Although the MIX 2S produces a noisy picture, this actually helps it as it avoids the smudged textures that we see on the S9. Overall it’s still a good result, and it depends on preference on what you like more.

Click for full image

Mi MIX 2S  
[ P20 Pro ] - [ P20 ] - [ P10 ] - [ Mate 10 Pro ]
[ Galaxy S9+ ] - [ iPhone X ] - [ Pixel 2 XL ]

In this shot Xiaomi surprisingly managed to produce a better dynamic range than the competition – bar the P20 Pro in 10MP mode which just has much better shadows. The S9 shot ended up oddly out of focus, so it’s not a valid comparison.

Detail wise the MIX 2S also actually wins out over Huawei and Apple, producing an excellent shot.

Click for full image

 Mi MIX 2S  
[ P20 Pro ] - [ P20 ] - [ P10 ] - [ Mate 10 Pro ]
[ Galaxy S9+ ] - [ iPhone X ] - [ Pixel 2 XL ]

Here the MIX 2S does really well in exposure, and beats the iPhone X and Pixel 2 XL in dynamic range. Colour reproduction seems also to be very good – something the S9 struggled with as it produces a far too warm result for the white lighting.

Detail wise the MIX 2S also beats the iPhone and Pixel, but the S9 just has more light capture to work with and does better on the textures and has more contrast. Obviously the P20 Pro wins out in the 10MP mode, as even though it’s a lower resolution image, the dynamic range advantage through the superior light capture is plainly obvious.

Extreme low light photography

 

Click for full image

Mi MIX 2S  
[ P20 Pro ] - [ P20 ]
[ P10 ] - [ Mate 10 Pro ]
[ Galaxy S9+ ] - [ iPhone X ] - [ Pixel 2 XL ]

In extreme low-light environments the MIX 2S doesn’t have any special capture mode, and the resulting picture remains at a similar quality level as say, an iPhone X.

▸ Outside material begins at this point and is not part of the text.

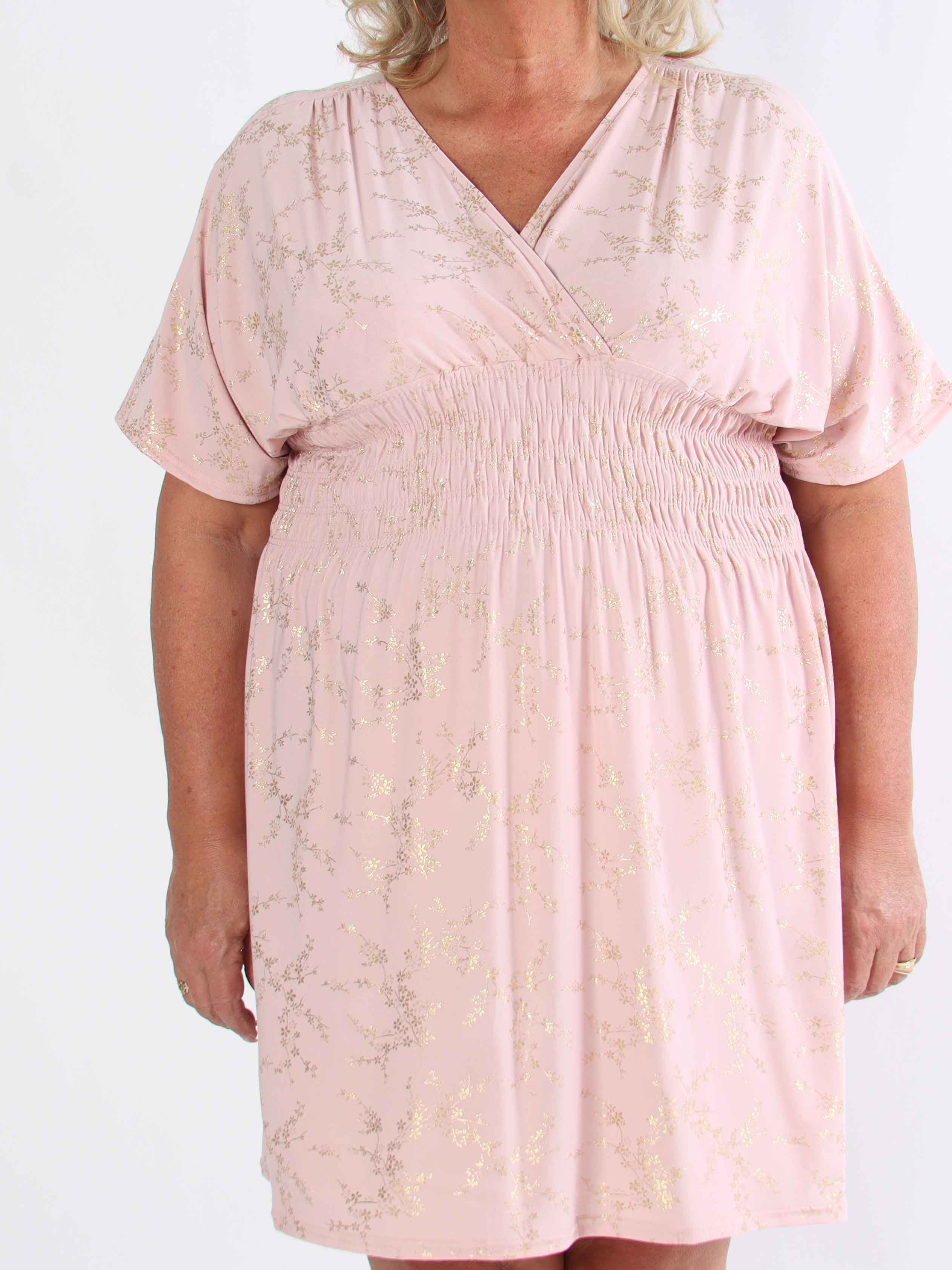Pams Gold Short - Elastisk plus size kjole detaljeret med guld blomster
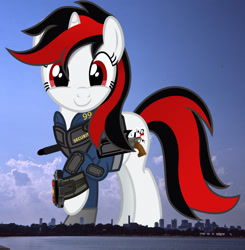 Size: 2008x2047 | Tagged: safe, anonymous editor, artist:vector-brony, edit, oc, oc only, oc:blackjack, pony, unicorn, fallout equestria, fallout equestria: project horizons, boston, clothes, fanfic, fanfic art, female, giant pony, giantess, high res, highrise ponies, irl, jumpsuit, macro, mare, massachusetts, photo, pipbuck, ponies in real life, raised hoof, solo, story included, vault security armor, vault suit, vigilance (gun)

Overall the MIX 2S did not disappoint in terms of low-light capture. Its tendency to not apply too much noise reduction seems to come at an advantage for the camera as it avoids smudging out textures, resulting in more retained raw detail, although again, it’s noisy. Competitively it seems like a better low-light camera than the iPhone X and the Pixel 2’s. It’s trailing the Galaxy S9, but that was to be expected given the aperture disadvantage. While the MIX 2S beats the P20’s from Huawei in medium light in terms of details – at a certain point in sufficient low light, the P20 Pro’s vast light capture advantage turns the tide and maintains the current quality crown in terms of quality.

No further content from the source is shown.